The area with old, good-bones, DIY houses -- is that where the writer David Giffels bought a house and wrote about it?

 

I actually haven't read that book.  I just Googled and found the house in question.  It's big, but many of the ones north of there in the heart of Merriman Hills are much larger, even twice that size.

 

These are not easy decisions to make.You're right: The bigger challenges start in middle school.  If you've got the critical mass of parent/community involvement in grade school, it can translate into improved middle and high schools. But the initial critical mass can be tough to reach. I would say Akron really needs people like your family, but I sympathize with the direction you seem to be leaning. I'm not sure what municipal governments can do to keep families in the city, but but some kind of city/school strategic plan is needed in Akron and so many other places.

 

Well, I already mentioned earlier that one major option that we'll look at is the STEM school (National Inventors Hall of Fame), which is a public magnet school that IIRC goes grades 6-12.  Admissions are lottery, so it's a toss of the dice.  But the more seats they successfully open in that school, the less threatening the lottery becomes.  If King works out and the lottery works out, our kids could go King K-5 and NIHF 6-12, and be in Akron Public Schools the whole time.

 

Ultimately, I would be OK with an entire large public school system being organized by ability at least as much as neighborhood.  The logistics would understandably get complex and expensive for parents who can't drive, but in many denser cities, in the US and the world, children take municipal transportation to school.  But that's a much deeper-future concept, especially vis-a-vis Akron 2017.

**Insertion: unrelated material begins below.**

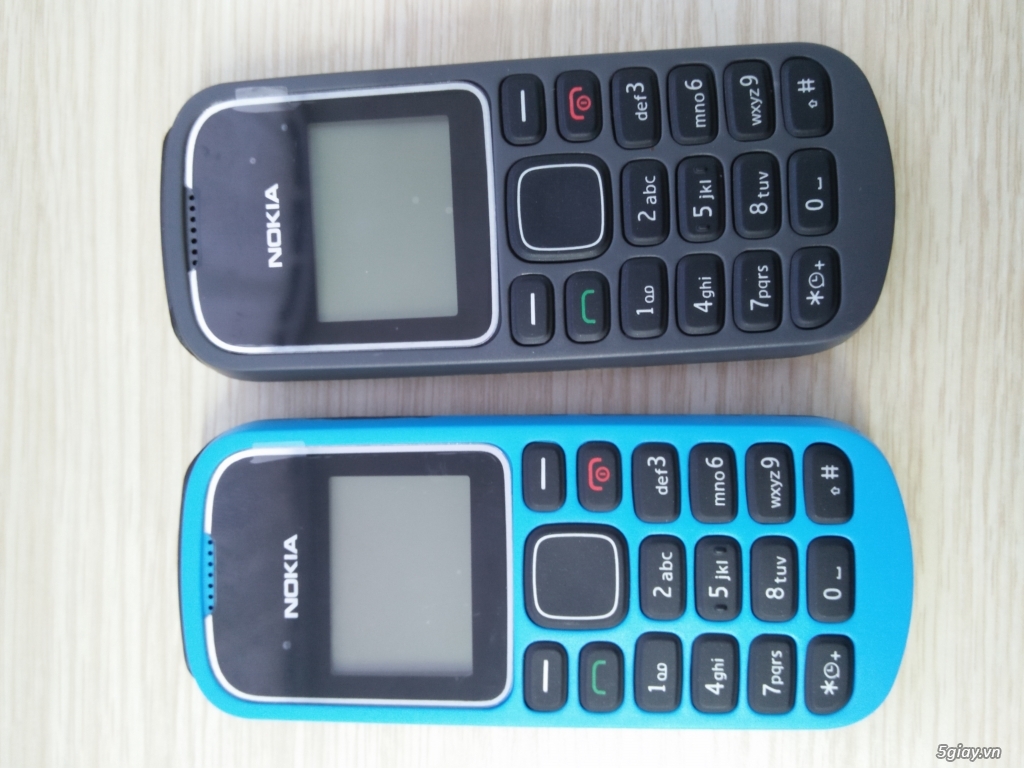 HCM - Điện thoại 1280 gía 169k - 2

Tying sports to schools and making sports such a large part of the public sector in unusual in the rest of the world.

 

Sports is life -- especially the part where the coach's son always gets to start. 

 

 

 

 

 

 

Tying sports to schools and making sports such a large part of the public sector in unusual in the rest of the world.

 

Sports is life -- especially the part where the coach's son always gets to start. 

 

Or the alumni kids.....ask Jeff Rotsky about that at Chanel.

 

Seriously, sports sublimates the natural tendency towards group identification and rivalries into something more indirect and less harmful.